Machine-learning experiments for classifying network traffic flows collected from a Docker-based SDN lab network. The dataset contains more than 300,000 flows analyzed with nDPI, grouped from 100+ application protocols into 10 traffic classes.
This repository includes the original research artifacts, saved models, confusion matrices, and a cleaner Python workflow for reproducing common experiments.
As of June 2, 2026, this public research repository has accumulated measurable academic and open-source interest:
| Signal | Count | Notes |
|---|---|---|
| GitHub stars | 40 | First public star recorded on March 10, 2021. |
| GitHub forks | 11 | Fork activity spans September 2020 through September 2025. |
| Crossref cited-by count | 14 | Citation metadata for the associated Connection Science article. |
| Google Scholar profile | Available | Author profile provides a complementary citation view. |
| Paper references | 42 | References registered in Crossref metadata. |
See Repository Impact for the star/fork timeline, citation graph, and data-source notes.

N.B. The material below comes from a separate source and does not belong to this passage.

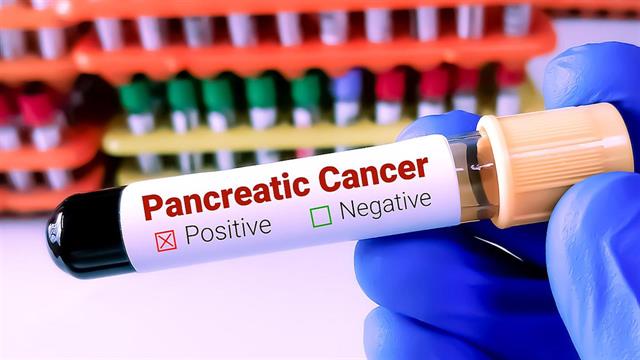 Εγκαιρη διάγνωση καρκίνου στο πάγκρεας με υγρή βιοψία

The project evaluates supervised machine-learning models for flow-level network traffic classification using seven selected flow features:
| Feature group | Columns |
|---|---|
| Protocol metadata | protocol, src_port, dst_port |
| Packet counts | src2dst_packets, dst2src_packets |
| Byte counts | src2dst_bytes, dst2src_bytes |
Reported results from the original experiments:
| Method | Accuracy |
|---|---|
| Decision Tree | 95.80% |
| Random Forest | 96.69% |
| KNN | 97.24% |
| PAA | 99.29% |
For the full methodology, class grouping, and experimental setup, read the paper:
P. K. Mondal, L. P. Aguirre Sanchez, E. Benedetto, Y. Shen, and M. Guo, "A dynamic network traffic classifier using supervised ML for a Docker-based SDN network," Connection Science, 2021. https://doi.org/10.1080/09540091.2020.1870437
.
├── DecisionTree/ # Original decision-tree scripts, notebook, model, outputs
├── RandomForest/ # Original random-forest scripts, model, outputs
├── KNN/ # Original KNN scripts, model, outputs
├── DNN/ # Original neural-network scripts, model, outputs
├── Dataset/ # Dataset access notes
├── network_traffic_classification/ # Modern reusable Python package
├── docs/ # Project documentation
├── dictionary.py # Legacy protocol-to-class helper
├── test.txt # Protocol-to-class mapping used by legacy scripts
└── README.md
Create a virtual environment and install the dependencies:
python -m venv .venv
source .venv/bin/activate
pip install -r requirements.txtFor the legacy DNN scripts, install the optional TensorFlow dependency:
pip install -r requirements-dnn.txtTrain a model with the modern CLI:
python -m network_traffic_classification train \
--data path/to/total_class.csv \
--model random-forest \
--output models/random_forest.joblibAvailable model names:
decision-tree
random-forest
knn
The CLI prints accuracy and a classification report. It can also save the trained model and class labels:
python -m network_traffic_classification train \
--data path/to/total_class.csv \
--model knn \
--output artifacts/knn.joblib \
--labels-output artifacts/classes.txt \
--test-size 0.33 \
--random-state 42The raw .pcap files and processed CSV are large, so the dataset is not committed to this repository. See Dataset/How to get the data.txt for access instructions and research-use conditions.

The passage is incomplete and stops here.